Metal sektöründe çalışan bir işçiyim. Yaptığımız iş ağır. Ramazan ayındayken patron bizden öğle molasında da çalışmamızı istiyordu. Patronlar biz işçileri işyerlerinde durmadan çalıştırmak istiyorlar. Ramazan ayında işyerinde yaşadığım olayı sizinle paylaşmak istedim.
İşyerimde öğle paydosundayken patron yanıma gelip “neden oturuyorsun?” diye sordu. Ben de yemek paydosunda olduğumu söyledim. O zaman yemek yemeye gitmemi söyledi. Ben de ona oruçlu olduğumu söyledim. “O zaman çalışmaya devam et, makineni çalıştır” dedi. Ben de “paydos etmek için illa orucumuzu mu bozalım, oruç tutuyorsak illa çalışmamız mı gerekiyor?” dedim. Patron “yok öyle demek istemedim, sen beni yanlış anladın” diyerek yanımdan uzaklaştı. Bana molamda çalış diyen patron aynı zamanda beş vakit namazını kılan, dini bütün bir insanım diye geçinir. Hâlbuki işçisinin yemek paydosuna gözünü dikmiş durumda. Bu da gösteriyor ki patronların dili, dini ırkı yok. İnsana, inancına saygı göstermiyorlar. Onların gözü kârdan başka bir şey görmüyor.

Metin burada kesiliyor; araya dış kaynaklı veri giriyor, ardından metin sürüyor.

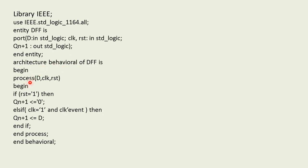So we'll write process in bracket the formal parameter list. The first input is D, we have another input as clock and reset, so I've written D, clk, rst. In order to initialize this process statement also we'll write the same statement as begin.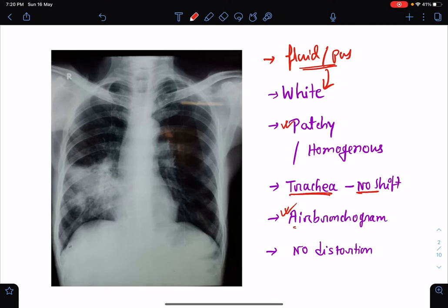Air bronchogram means presence of air inside the bronchus, which can be seen against the background of white opacity of consolidation. It is quite specific for consolidation to have air bronchogram.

Ben susup bir şey demeden çalışmaya gitseydim patron diğer günlerde de öğle paydosunda çalışmamızı isteyecekti. Biz işçiler patronların düzenine karşı saf tutmalıyız. Patronların bizi sömürmesine ve haklarımızı gasp etmesine izin vermemeliyiz. Bunun yolu da işçilerin işyerinde örgütlenmesinden geçer.